Creating buzz requires a good idea, quick turnaround time, and an effective use of resources. According to Shankman, “You need to think, ‘What would get me excited enough to tell five people about it?'” The more the promotion is like a full-blown campaign, the less likely it will work. Make the campaign appear spur-of-the-moment (even if it’s not).

Three Quick Steps to Cost Effectively Build Buzz

  1. Find a promotional hook. Examine your offering with an eye toward creative ways to increase interest. Consider alternate uses for your products or segments that may interest consumers. If you’re not the market leader, niches can be fruitful. Consider how to involve consumers with your products based on their interests. When brainstorming potential ideas, involve a broad cross section of employees, as well as core enthusiasts who are involved with your offering.

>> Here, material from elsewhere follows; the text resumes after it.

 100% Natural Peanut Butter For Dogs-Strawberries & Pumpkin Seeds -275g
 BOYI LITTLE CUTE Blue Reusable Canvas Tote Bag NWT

    Recently, a homemade Apple ad, developed by California high-school teacher George Masters, received over 37,000 hits, as well as a flood of media and blog attention. Talk about being involved with a product!

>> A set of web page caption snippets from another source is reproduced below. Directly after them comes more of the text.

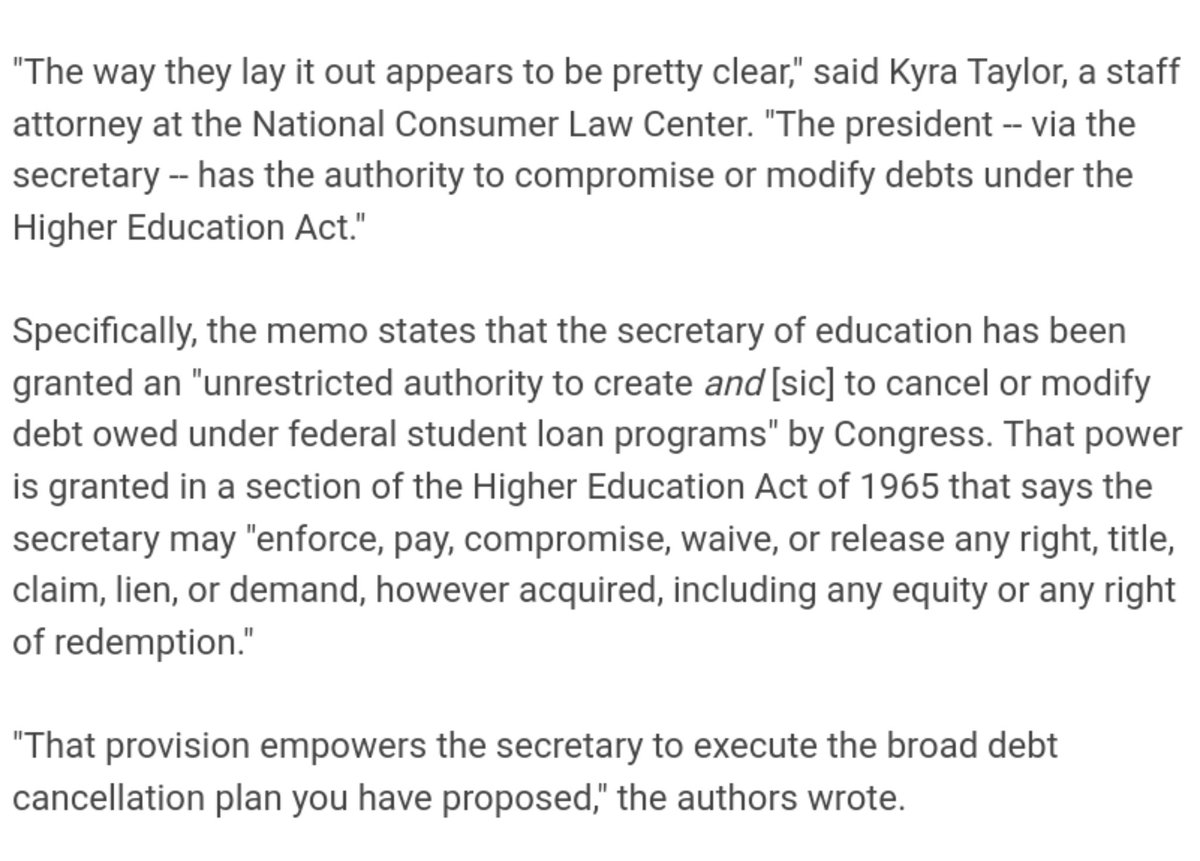 JengaNeck's tweet photo. @davidsirota 1 in 5 Americans have student loan debt
Think about how screwed Biden is in 2024 if he doesn't #extendthepause and #CancelStudentDebt
We even know that he can use the 1965 Higher Education Act to #CancelALLStudentDebtNOW and he hasn't. https://t.co/s9PTYKjJBW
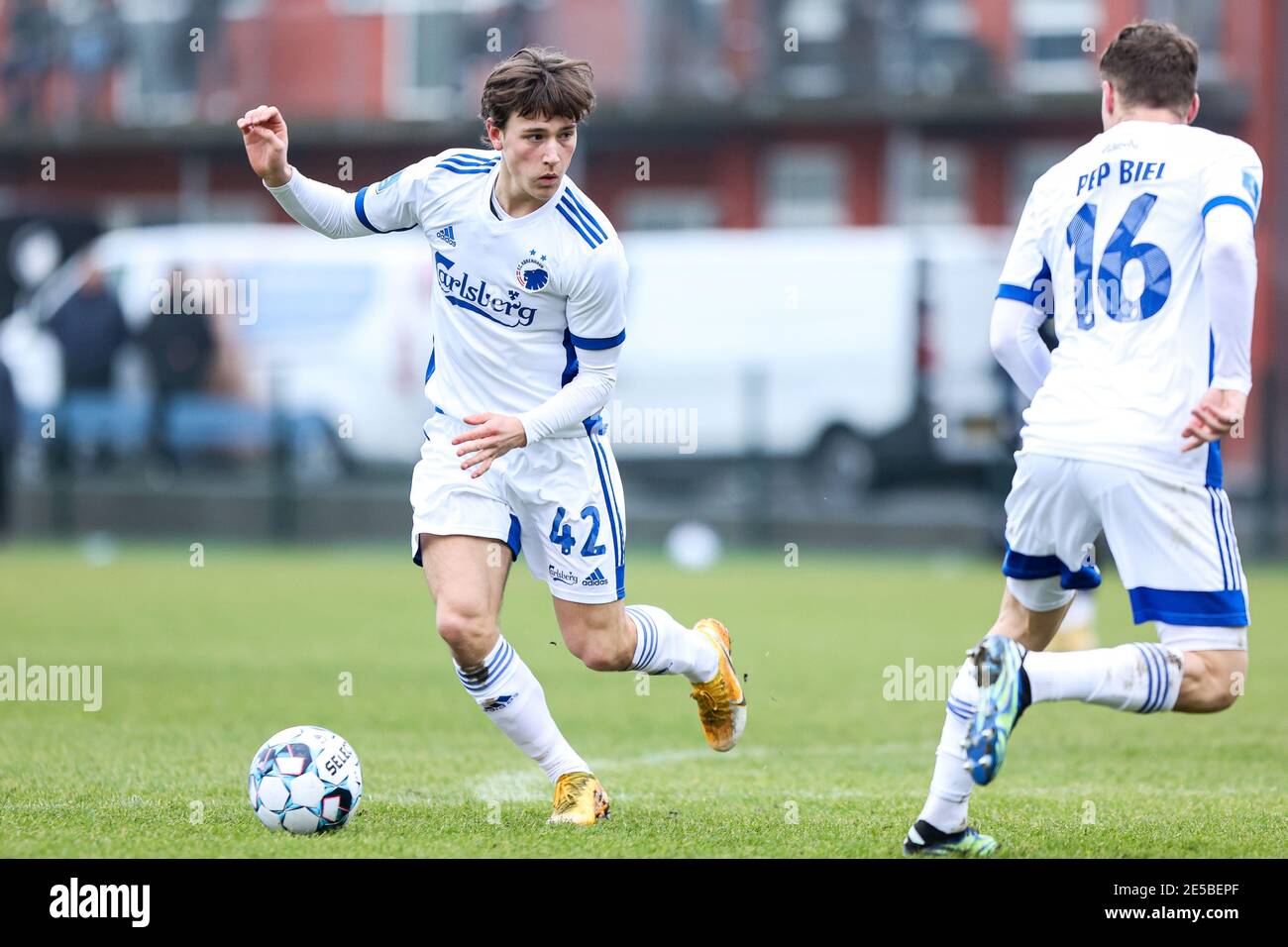 Frederiksberg, Danemark. 27 janvier 2021. William Boeving (42) du FC Copenhagen vu pendant le match d'essai entre le FC Copenhagen et le GF d'Aarhus au centre de formation du FC Copenhagen à Frederiksberg. (Crédit photo : Gonzales photo/Alamy Live News Banque D'Images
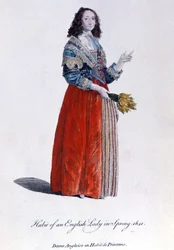 Engelse vrouw in lentekleding in 1641 (gravure)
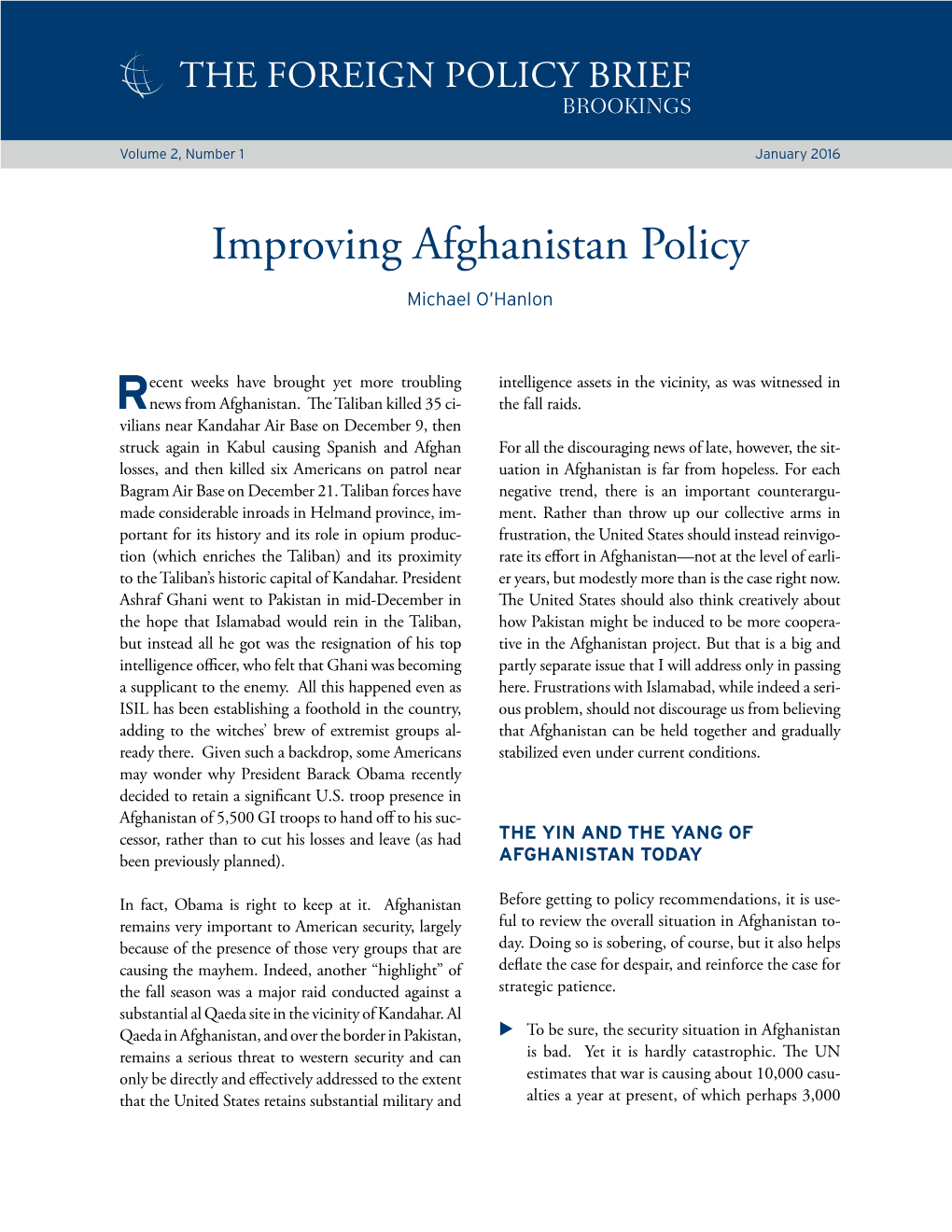 Improving Afghanistan Policy Michael O’Hanlon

  2. Engage potential customers with a call to action that gets them to interact with your site. Run a contest or survey on a topic your target market views as fun, for example. To collect customers’ email addresses, I recommended a client run a contest to gather product-related comments. In addition to increasing the email list over 25 percent, using those comments in a promotional piece increased revenues 25 percent. For Sleepy’s, Shankman used a $50 survey titled, “How Does New York Sleep?” A posting on craigslist generated 700 completed surveys, resulting in a full-page New York Daily News story.
  3. Maximize effect. Consider ways to integrate the promotion with other aspects of your marketing plan, such adding a PS to your email signatures or linking to the microsite from your home page. Remember, if your aim is to appear spontaneous, you may need to keep such tactics under wraps until initial buzz builds.

    Consider other outlets and partners. If you run a survey, for example, perhaps you can partner with another company that would benefit from the information gathered.

Tracking factors to consider:

  • Employ a URL that links to your main site and helps track results.
  • Use outside server capacity to ensure your servers don’t crash due to high traffic if the promotion takes off.
  • Link back to your main site so visitors can learn more about your products.
  • Include ways to collect email addresses and create a way for visitors to email you. Address collection must be CAN-SPAM compliant and double opt-in. Your aim is to build your brand as well as your list.

Measuring Buzz Success

  • Determine the number of new or incremental unique users, email registrants, and average time spent on your site. A unique URL and landing page aids measurement. (Note: These methods don’t track brand awareness, which should increase.) If you use your main home page, as Yoo-hoo did, measure results for the current period against a comparable timeframe.

    For example, if your site averages 1 million unique visitors per month and during your buzz campaign unique visitors increases to 1.25 million, your campaign increased visitors 0.25 million, or 25 percent. If you use a separate URL or landing page, check your primary site’s metrics to determine whether the campaign increased that traffic as well.

  • Measure promotional costs, including all the campaign components. These should be relatively low if the campaign leverages existing resources. If you use external resources, costs may be higher. Subservient Chicken was handled by an ad agency, for example.
  • Calculate cost per unique visitor and per new registrant. (Note: If you look at incremental costs, analyze incremental visitors and registrants to keep metrics consistent.) In general, this cost should be lower than your average acquisition costs.

    Cost per action = incremental promotion cost/number of new users, where “new users” are the incremental unique visitors or new registrants.

  • Track placements across media. Consider posting these stories on the media or news section of your site.

With a creative approach and fast implementation, you can create buzz that yields measurable results without depleting your budget. Work with the opportunities fate puts in your path. The necessity of using limited resources under tight deadlines really can yield strong results.